Aside from the bungling, Turning Point UK is prone to simply getting things mixed up. Recently it took umbrage with a lecturer discussing a Marxist approach to healthcare provision. How could they be so relaxed about “extremist views” and not bring up “the massive failures and high death tolls in Marxist states”? But here, Turning Point UK can’t compute the distinction between theoretical analyses based on Karl Marx’s philosophy with the complex workings of political regimes.

I learned about this in my first three months at university: I was asked to think about the opening scene of The Lion King from a Marxist perspective and compare it to other historiographical approaches. At no point did I think that my tutor, a PhD student of medieval history, hoped I would leave with a desire to put kulaks in gulags. But for Turning Point UK, simplistic thinking is the order of the day. If a lecturer makes an offhand comment about a right-wing politician, it is a sign that they cannot be trusted.

Look who’s back

Until recently, Turning Point UK was out of the headlines. Most of the group’s original “influencers” have moved on, some as early as a few weeks after the group’s launch. One of its most prominent team members has left to launch another conservative youth group. Few of those still involved publicly associate themselves with it.

It seems safe to most politically-engaged students to treat Turning Point UK as a declining fringe organisation, perhaps about to splinter.

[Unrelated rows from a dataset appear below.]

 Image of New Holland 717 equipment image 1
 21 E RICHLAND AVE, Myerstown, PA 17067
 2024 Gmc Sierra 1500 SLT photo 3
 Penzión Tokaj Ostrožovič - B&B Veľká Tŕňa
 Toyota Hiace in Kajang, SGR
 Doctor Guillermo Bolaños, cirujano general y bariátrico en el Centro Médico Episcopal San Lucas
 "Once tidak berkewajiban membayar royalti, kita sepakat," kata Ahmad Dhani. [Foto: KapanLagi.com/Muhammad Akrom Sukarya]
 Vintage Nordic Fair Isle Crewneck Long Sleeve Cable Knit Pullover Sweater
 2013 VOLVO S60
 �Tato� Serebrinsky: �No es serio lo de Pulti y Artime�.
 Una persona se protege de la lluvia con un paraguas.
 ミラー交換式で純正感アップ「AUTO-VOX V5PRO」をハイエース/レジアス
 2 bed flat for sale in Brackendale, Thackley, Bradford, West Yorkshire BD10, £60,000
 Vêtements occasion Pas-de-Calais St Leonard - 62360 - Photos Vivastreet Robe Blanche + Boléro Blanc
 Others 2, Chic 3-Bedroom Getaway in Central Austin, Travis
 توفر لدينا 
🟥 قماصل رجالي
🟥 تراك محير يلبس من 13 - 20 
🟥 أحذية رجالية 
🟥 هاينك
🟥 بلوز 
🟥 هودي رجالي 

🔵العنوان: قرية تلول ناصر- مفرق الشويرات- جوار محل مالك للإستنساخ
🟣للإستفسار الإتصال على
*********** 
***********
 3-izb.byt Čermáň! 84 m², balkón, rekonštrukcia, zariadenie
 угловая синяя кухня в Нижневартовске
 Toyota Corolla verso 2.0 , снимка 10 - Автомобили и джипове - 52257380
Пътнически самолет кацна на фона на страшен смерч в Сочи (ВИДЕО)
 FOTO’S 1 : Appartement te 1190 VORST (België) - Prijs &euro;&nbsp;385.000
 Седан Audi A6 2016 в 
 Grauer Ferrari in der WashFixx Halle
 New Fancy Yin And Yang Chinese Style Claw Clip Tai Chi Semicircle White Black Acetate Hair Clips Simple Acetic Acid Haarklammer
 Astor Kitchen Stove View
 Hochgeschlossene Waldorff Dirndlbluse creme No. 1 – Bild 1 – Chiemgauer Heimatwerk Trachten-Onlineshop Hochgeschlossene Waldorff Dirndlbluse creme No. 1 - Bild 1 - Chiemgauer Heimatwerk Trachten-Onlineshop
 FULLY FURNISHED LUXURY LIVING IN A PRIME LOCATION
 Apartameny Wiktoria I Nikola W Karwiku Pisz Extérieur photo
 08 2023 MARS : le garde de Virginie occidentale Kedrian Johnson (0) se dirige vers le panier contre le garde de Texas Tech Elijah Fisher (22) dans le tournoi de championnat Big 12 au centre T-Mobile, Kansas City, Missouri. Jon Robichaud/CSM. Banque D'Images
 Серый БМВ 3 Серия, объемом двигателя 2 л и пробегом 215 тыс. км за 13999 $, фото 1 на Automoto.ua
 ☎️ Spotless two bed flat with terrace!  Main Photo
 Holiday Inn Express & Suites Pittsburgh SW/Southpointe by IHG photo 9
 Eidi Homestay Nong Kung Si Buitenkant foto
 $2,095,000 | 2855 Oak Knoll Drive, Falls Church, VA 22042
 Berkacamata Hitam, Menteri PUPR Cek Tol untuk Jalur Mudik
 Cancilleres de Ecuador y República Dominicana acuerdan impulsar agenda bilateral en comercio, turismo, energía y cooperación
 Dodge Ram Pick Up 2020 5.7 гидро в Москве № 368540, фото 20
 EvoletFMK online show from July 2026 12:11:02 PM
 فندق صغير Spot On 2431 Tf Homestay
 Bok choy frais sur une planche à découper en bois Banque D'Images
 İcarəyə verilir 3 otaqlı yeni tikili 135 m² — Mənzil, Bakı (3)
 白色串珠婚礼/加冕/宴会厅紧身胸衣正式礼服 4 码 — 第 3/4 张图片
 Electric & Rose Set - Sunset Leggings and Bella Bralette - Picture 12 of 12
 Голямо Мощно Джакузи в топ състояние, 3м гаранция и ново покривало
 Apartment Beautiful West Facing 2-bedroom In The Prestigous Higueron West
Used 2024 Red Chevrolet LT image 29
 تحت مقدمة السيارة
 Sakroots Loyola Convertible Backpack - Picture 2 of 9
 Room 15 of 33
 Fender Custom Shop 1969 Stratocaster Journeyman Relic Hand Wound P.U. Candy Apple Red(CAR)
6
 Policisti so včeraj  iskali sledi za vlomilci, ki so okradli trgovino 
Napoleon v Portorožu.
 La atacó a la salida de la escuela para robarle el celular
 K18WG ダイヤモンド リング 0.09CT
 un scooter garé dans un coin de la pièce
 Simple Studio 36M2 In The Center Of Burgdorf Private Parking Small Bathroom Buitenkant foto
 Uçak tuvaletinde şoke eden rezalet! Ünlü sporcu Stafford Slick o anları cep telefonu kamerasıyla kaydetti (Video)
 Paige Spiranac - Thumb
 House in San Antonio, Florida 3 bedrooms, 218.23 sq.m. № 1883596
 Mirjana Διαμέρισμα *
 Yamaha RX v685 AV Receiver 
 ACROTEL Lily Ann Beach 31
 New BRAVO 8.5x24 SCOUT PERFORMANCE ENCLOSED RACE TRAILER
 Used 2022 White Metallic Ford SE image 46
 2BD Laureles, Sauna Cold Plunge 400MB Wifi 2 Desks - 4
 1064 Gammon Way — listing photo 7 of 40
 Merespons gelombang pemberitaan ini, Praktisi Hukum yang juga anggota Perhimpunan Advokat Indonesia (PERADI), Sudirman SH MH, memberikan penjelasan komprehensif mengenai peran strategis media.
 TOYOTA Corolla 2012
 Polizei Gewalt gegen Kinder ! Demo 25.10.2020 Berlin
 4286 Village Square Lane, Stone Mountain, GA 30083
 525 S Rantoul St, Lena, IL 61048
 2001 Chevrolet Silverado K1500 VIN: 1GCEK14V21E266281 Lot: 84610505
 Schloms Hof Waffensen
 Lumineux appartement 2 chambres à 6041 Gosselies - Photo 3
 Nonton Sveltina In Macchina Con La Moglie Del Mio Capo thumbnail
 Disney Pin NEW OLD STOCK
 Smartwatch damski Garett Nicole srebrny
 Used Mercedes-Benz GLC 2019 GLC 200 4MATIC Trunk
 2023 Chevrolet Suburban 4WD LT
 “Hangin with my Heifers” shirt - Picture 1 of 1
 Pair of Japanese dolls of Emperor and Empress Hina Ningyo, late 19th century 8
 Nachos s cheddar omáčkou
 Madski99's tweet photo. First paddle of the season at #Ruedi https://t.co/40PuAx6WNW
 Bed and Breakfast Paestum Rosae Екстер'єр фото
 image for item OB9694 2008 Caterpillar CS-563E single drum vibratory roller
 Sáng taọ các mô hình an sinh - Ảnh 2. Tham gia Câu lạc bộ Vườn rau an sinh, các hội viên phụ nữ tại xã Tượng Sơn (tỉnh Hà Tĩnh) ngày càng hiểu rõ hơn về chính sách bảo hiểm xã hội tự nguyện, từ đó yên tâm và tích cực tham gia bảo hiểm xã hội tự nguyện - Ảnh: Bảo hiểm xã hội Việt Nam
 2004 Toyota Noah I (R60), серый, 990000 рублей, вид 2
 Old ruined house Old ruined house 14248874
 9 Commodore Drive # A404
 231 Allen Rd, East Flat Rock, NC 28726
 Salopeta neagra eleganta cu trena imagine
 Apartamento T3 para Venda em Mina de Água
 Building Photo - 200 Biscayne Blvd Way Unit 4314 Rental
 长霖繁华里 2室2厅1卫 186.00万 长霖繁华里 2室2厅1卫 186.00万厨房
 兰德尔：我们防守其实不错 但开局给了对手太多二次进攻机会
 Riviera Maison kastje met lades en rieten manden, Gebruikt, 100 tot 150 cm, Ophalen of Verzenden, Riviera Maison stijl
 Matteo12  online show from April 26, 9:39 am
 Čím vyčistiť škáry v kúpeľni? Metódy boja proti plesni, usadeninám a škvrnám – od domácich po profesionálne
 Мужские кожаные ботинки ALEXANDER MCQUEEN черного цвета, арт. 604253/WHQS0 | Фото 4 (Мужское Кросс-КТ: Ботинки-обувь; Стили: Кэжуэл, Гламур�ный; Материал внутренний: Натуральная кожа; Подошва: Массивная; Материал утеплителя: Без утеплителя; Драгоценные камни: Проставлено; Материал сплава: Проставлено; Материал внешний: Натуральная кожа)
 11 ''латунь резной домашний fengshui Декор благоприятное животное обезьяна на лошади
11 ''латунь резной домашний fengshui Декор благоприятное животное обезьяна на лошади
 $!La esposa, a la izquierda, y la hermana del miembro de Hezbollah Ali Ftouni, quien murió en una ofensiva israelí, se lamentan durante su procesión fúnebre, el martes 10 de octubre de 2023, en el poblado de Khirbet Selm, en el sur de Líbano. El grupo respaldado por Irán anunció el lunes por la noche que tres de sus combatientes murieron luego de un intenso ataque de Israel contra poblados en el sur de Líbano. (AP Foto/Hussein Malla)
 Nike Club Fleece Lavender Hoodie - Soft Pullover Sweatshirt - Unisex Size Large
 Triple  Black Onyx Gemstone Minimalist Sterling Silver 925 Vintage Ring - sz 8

But something has changed. Breaking the earlier promises of its founding influencers, Turning Point UK has launched an “Education Watch,” a campaign to monitor the allegedly huge left-wing bias that corrupts the British education system.

It’s a clear rip-off of its American cousin’s “Professor Watchlist,” another campaign that has publicly named and shamed academics who are, in Turning Point USA’s opinion, hostile to conservatives and biased in their teaching. You could dismiss this move as a troubled organisation pinching its forebear’s ideas in a distressed attempt to stay relevant, but an “Education Watch” is no joke.

In the USA, the “Professor Watchlist” has caused strife and unrest for numerous academics. American lecturers who are judged to teach with anti-conservative bias have received threats of sexual violence and death. Turning Point USA always denies that its intention is to stoke fear in campus communities. They just want “students, parents, and alumni” to know about the “radical agenda” advanced by some professors. But by naming lecturers, sharing where they work and accusing them of impropriety, they put their reputations and wellbeing at risk.

Turning Point UK’s “Education Watch” is in its infancy and its examples range from the mild to the comical. Even Spiked Online, whose editor has gladly sat down for a casual moan about “wokeness” with a member of the Turning Point UK team, scoffed at the petty “McCarthyism” of the initiative.

Yet we are in the thick of a culture war that some of our most influential politicians do not want to end. This could all get out of hand, especially with Turning Point UK’s penchant for jumping to conclusions.

When Policy Exchange suggests that universities have lost the confidence of the country, programmes like “Education Watch”, which will inevitably be mishandled, could make a big difference in educators’ and students’ lives. For a while, Turning Point UK was the new Activate, a group let down by its own internal battles and silliness. But this could be different.